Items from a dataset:
========================================

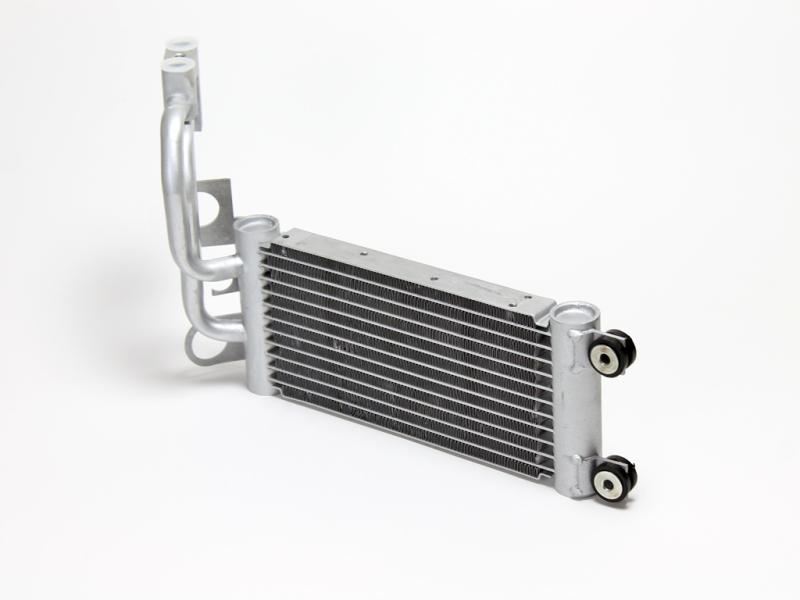 CSF 07-13 BMW M3 (E9X) DCT Oil Cooler 8042 Main Image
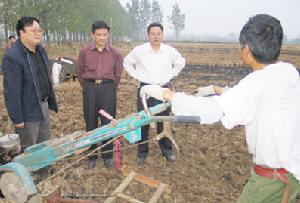 小甸鎮幹部指導村民科技種田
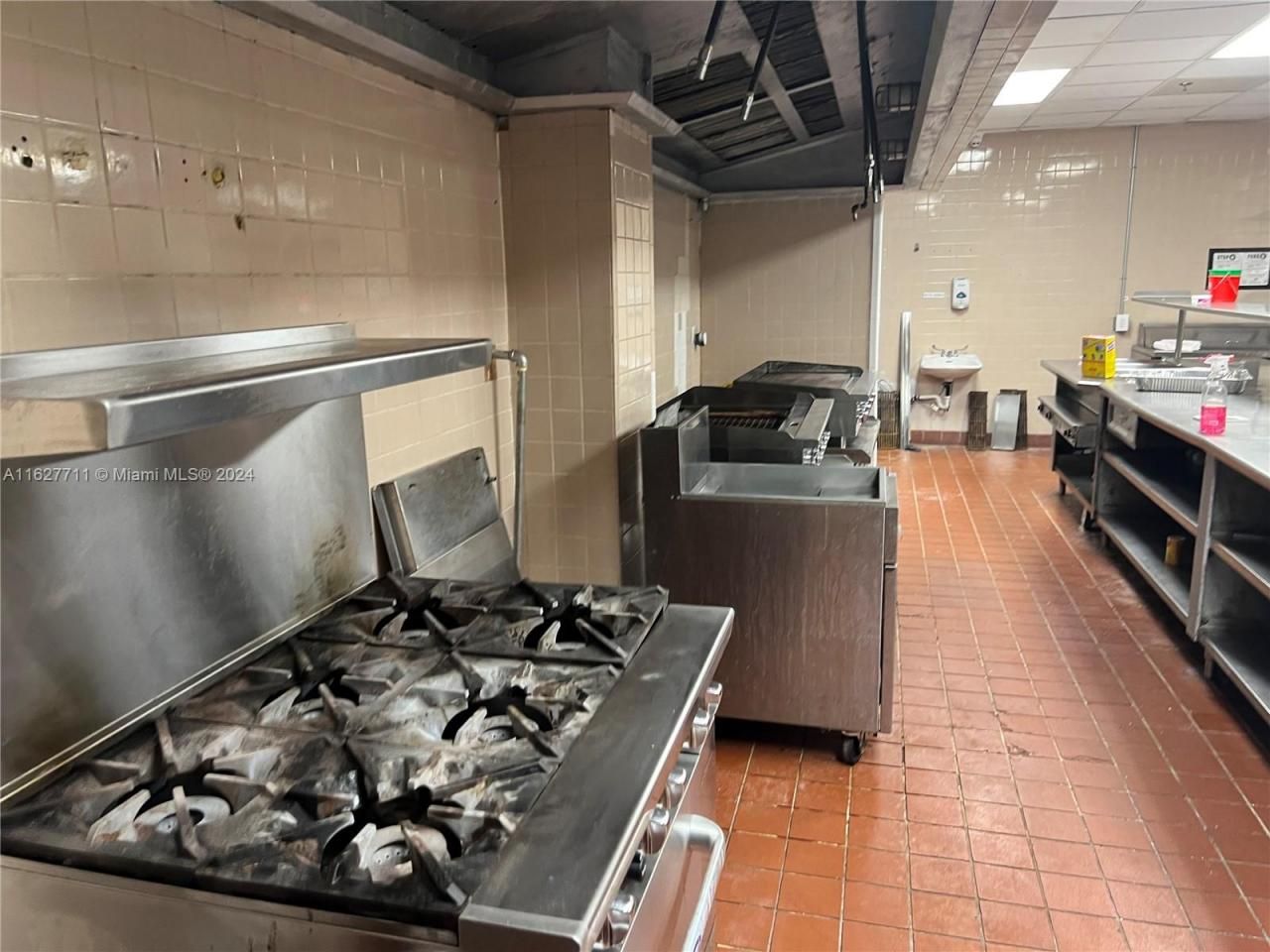 148 NW 167th St, Miami, FL 33169 Photo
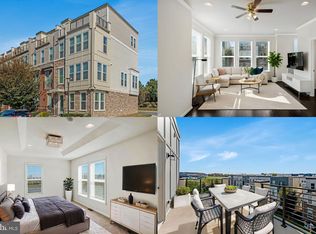 14580 Lakestone Dr, Chantilly, VA 20151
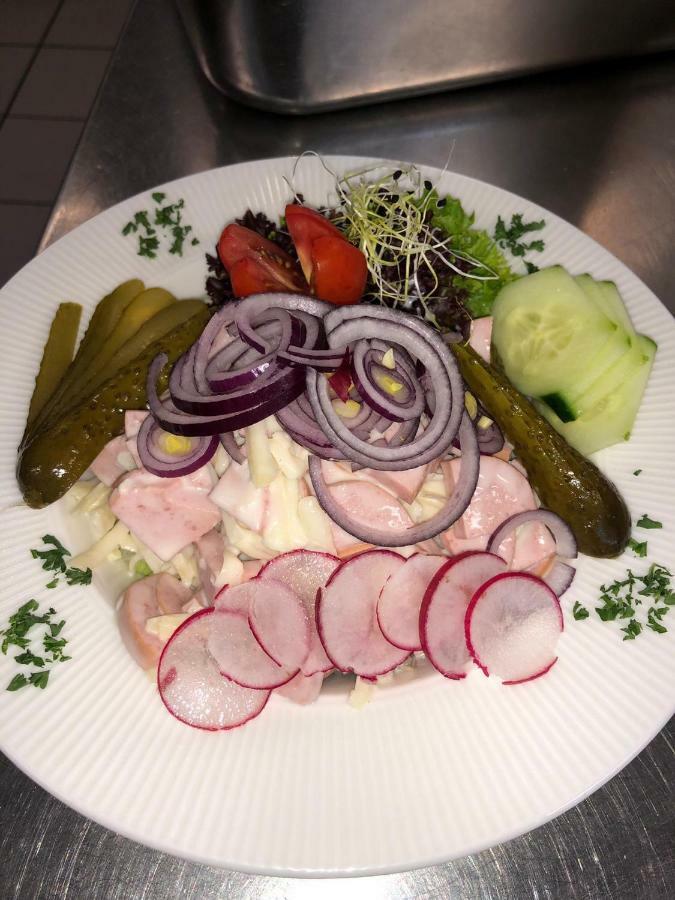 Gasthaus Zur Tanne Hotel Bauma Esterno foto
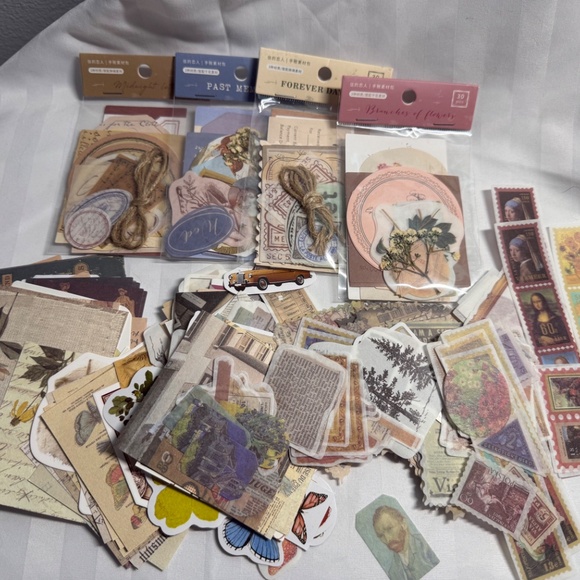 ๐จโจ Calling all crafting & journaling enthusiasts! โจ๐ - Picture 7 of 12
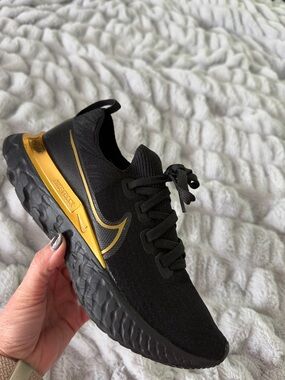 Nike React Infinity Custom 1 of 1 Black and Gold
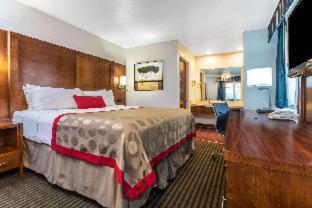 Ramada by Wyndham Mountain View photo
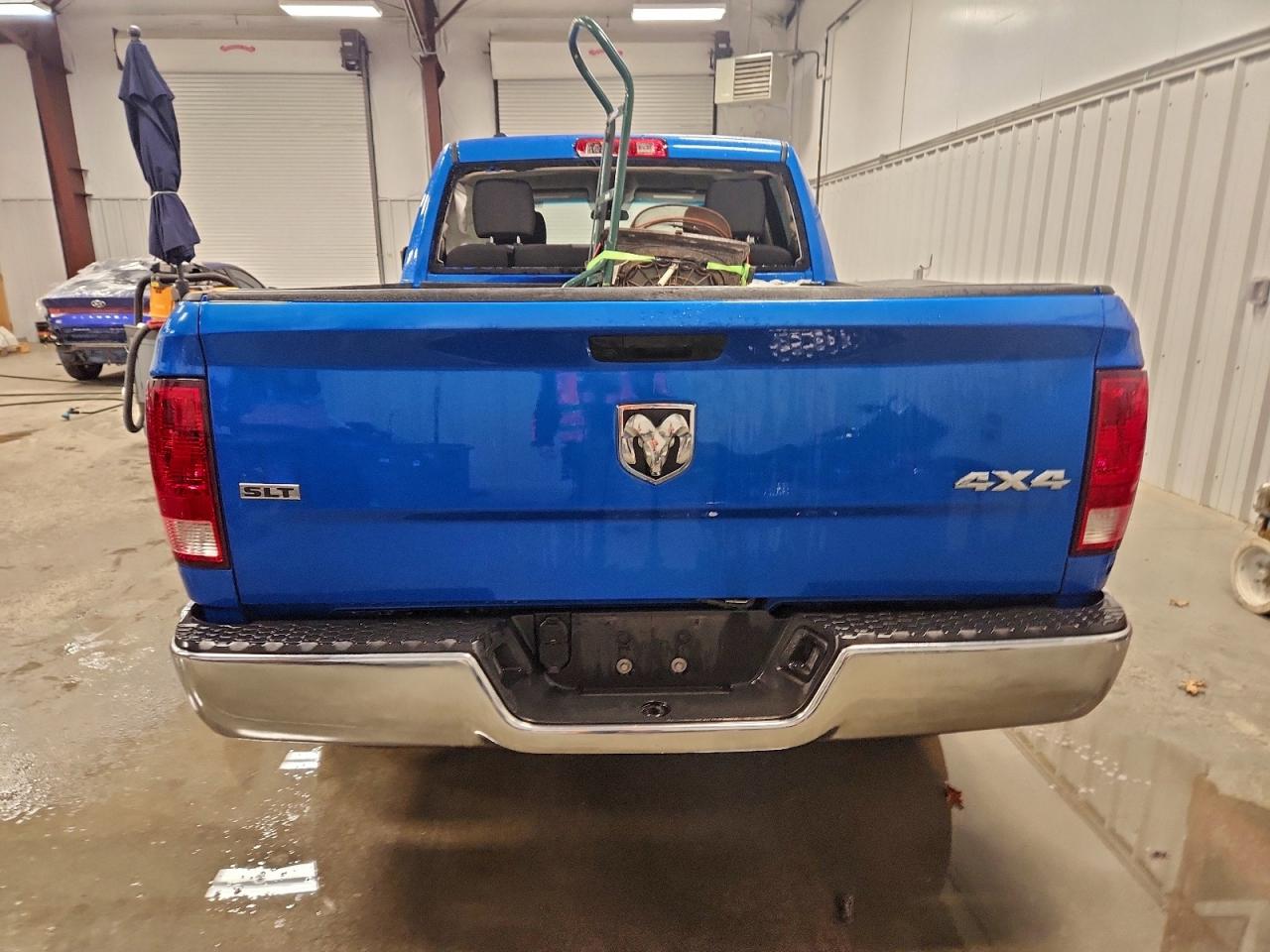 2024 RAM 1500 CLASSIC SLT photo 6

========================================

Your copy should match the records above exactly, except that it contains no pictures.

 CSF 07-13 BMW M3 (E9X) DCT Oil Cooler 8042 Main Image
 小甸鎮幹部指導村民科技種田
 148 NW 167th St, Miami, FL 33169 Photo
 14580 Lakestone Dr, Chantilly, VA 20151
 Gasthaus Zur Tanne Hotel Bauma Esterno foto
 ๐จโจ Calling all crafting & journaling enthusiasts! โจ๐ - Picture 7 of 12
 Nike React Infinity Custom 1 of 1 Black and Gold
 Ramada by Wyndham Mountain View photo
 2024 RAM 1500 CLASSIC SLT photo 6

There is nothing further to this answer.